1.    Dalam lingkungan lembaga pendidikan Informal seperti Keluarga. Tahap pendidikan yang pertama dan utama bagi anak ada di keluarga, Artinya bagaimana karakter anak berkembang kedepan bergantung dari pola asuh yang diterapkan di rumah. Apakah pola asuh permisif yang memberi kebebasan pada anak, pola asuh otoriter yang mewajibkan anak untuk selalu patuh, atau pola asuh autoritatif yang artinya antara orangtua dan anak saling mengerti tanggungjawab, hak dan kewajiban masing-masing. Selanjutnya untuk menanamkan moral yang baik pada anak, orang tua juga harus memiliki karakter yang tentu saja lebih baik terlebih dahulu, dengan begitu orangtua seakan menjadi teladan atau row model bagi anak dalam bertindak sehingga anak senantiasa berhati-hati dalam bertingkah laku.

2.    Dalam lingkungan lembaga pendidikan Formal / Sekolah. Dalam membentuk karakter peserta didik peran tenaga pendidik sangat penting, Para tenaga pendidik yang merupakan orangtua kedua peserta didik di sekolah, perlu senantiasa mengimplementasikan nilai-nilai Pancasila yang sebenarnya.
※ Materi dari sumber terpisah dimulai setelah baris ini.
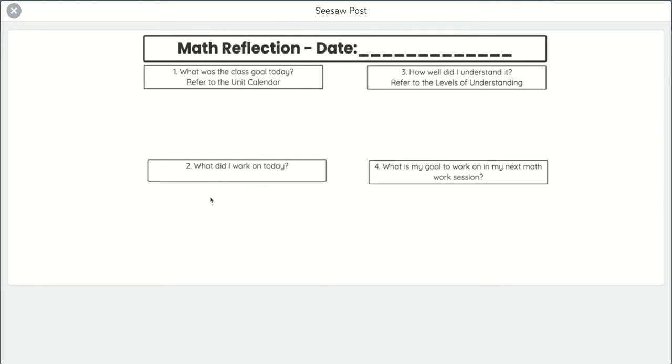Question two is just below that. What did I work on today? That's where you're going to tell me what you accomplished today. And if you got all of grid box 2e done, awesome, you can say that. If you only got part of it done, don't say well, just part of it. Tell me the parts that you got done. Be as specific as possible.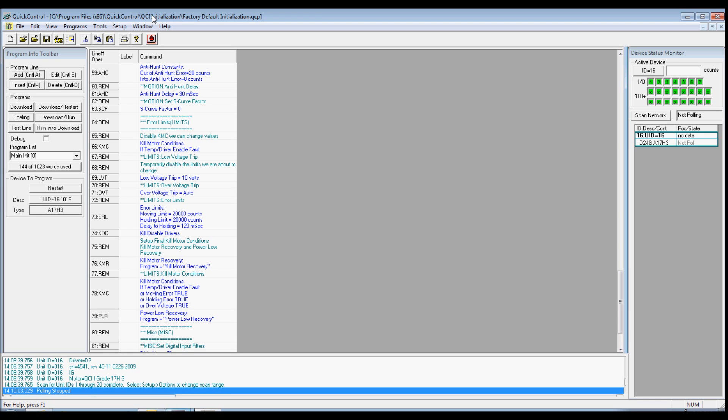This tutorial will take you through the basic steps of initializing your QCI controller. We will then illustrate examples to expand your program. You can then check out the complete tutorial series offered by Quicksilver Controls.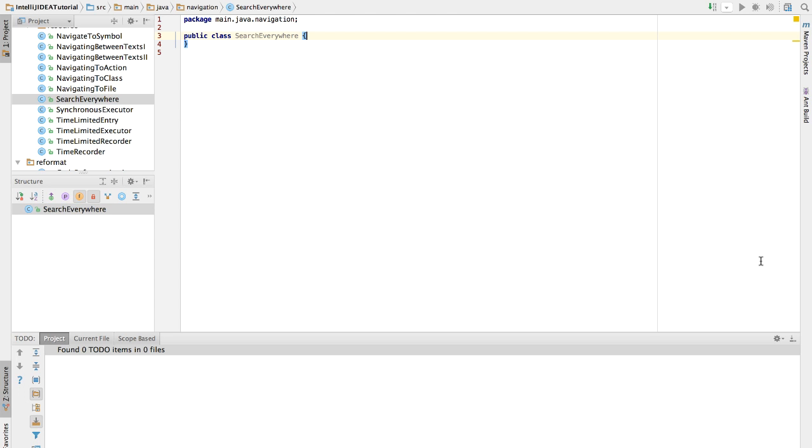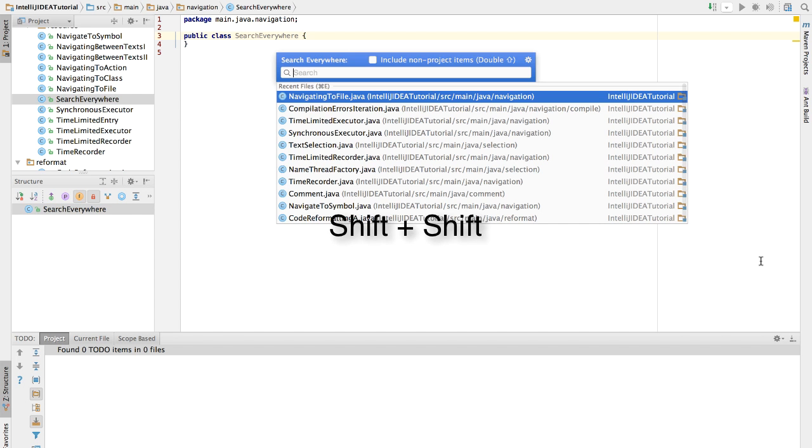Let's see this in action. Here I press double shift. IntelliJ opens up Search Everywhere window. Here we type tap.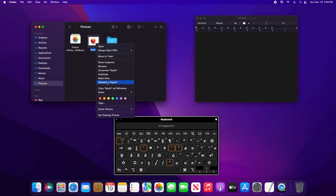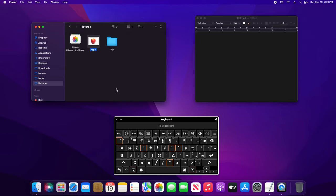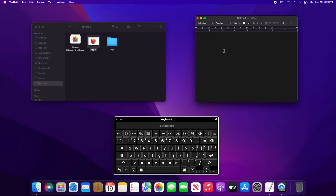You'll notice there's an option that says right here 'Copy as Pathname.' I'm going to click on that and then come over here to my text editor and hold down Command+V.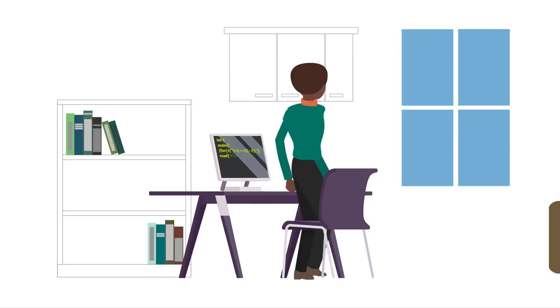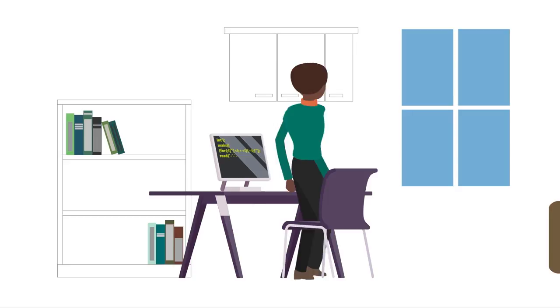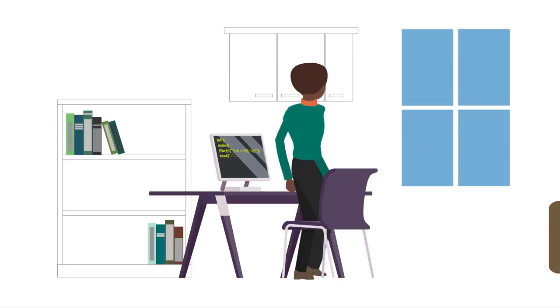Envision a place where the folks who make the things that power our lives are a true reflection of our community and our world. Imagine what awesome things they could build to better serve us all.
Mulai dari kebiasaan untuk berdoa setiap kegiatan belajar mengajar, saling toleransi antar teman, menumbuhkan sikap peduli sesama, dan tidak membeda-bedakan antara peserta didik satu dengan peserta didik yang lain.

 Dalam lingkungan lembaga pendidikan Informal/ Masyarakat. Mengimplementasikan nilai-nilai Pancasila di masyarakat tentu dimulai dari sekitar lingkungan rumah. Keberagaman etnis yang ada di masyarakat hendaknya menjadi suatu warna tersendiri bagi mereka, sebagaimana semboyan yang dimiliki bangsa Indonesia yaitu “ Bhinneka Tunggal Ika, walaupun negara Indonesia terdiri dari beragam suku, namun kerukunan antar seluruh umat di Indonesia tetap perlu dijunjung tinggi. Dengan cara kembali melakukan aktualisasi nilai - nilai pancasila di berbagai aspek moral bangsa Indonesia sehingga dapat kembali menuju jati dirinya, nilai pancasila tersebut akan terimplementasi dalam ranah kognitif, afektif dan psikomotorik bangsa.

Hal demikian sangat penting untuk diingat karena dapat menjadi parameter atau tolak ukur sampai seberapa jauh tingkat perubahan tingkah laku seseorang, dan untuk mengetahui tingkat ketercapaian dalam menempuh proses pendidikan. Sehingga pada akhirnya dapat benar-benar menghasilkan output yang cerdas, unggul, berdaya saing, bermoral dan berkarakter.

Perlu diketahui kesuksesan seseorang tidak ditentukan semata - mata oleh pengetahuan dan kemampuan teknis saja, tetapi lebih oleh pengetahuan mengelola diri dan orang lain, hal ini membuktikan bahwa kesuksesan seseoarang lebih ditentukan oleh kemampuan manage self daripada kemampuan knowledge. Dengan demikian, sebagai karakter bangsa Indonesia aktualisasi nilai - nilai pancasila merupakan sebuah konsekuensi logis guna semakin terciptanya sumber daya manusia yang cerdas holistik sebagaimana tertera dalam tujuan pendidikan nasional dalam UU No 20 tahun 2003 tentang Sisdiknas, yakni bertujuan untuk berkembangnya potensi peserta didik agar menjadi manusia yang beriman dan bertaqwa kepada Tuhan yang maha Esa, berakhlak mulia, sehat, berilmu, cakap, kreaif, mandiri dan menjadi warga negara yang demokratis serta bertanggung jawab.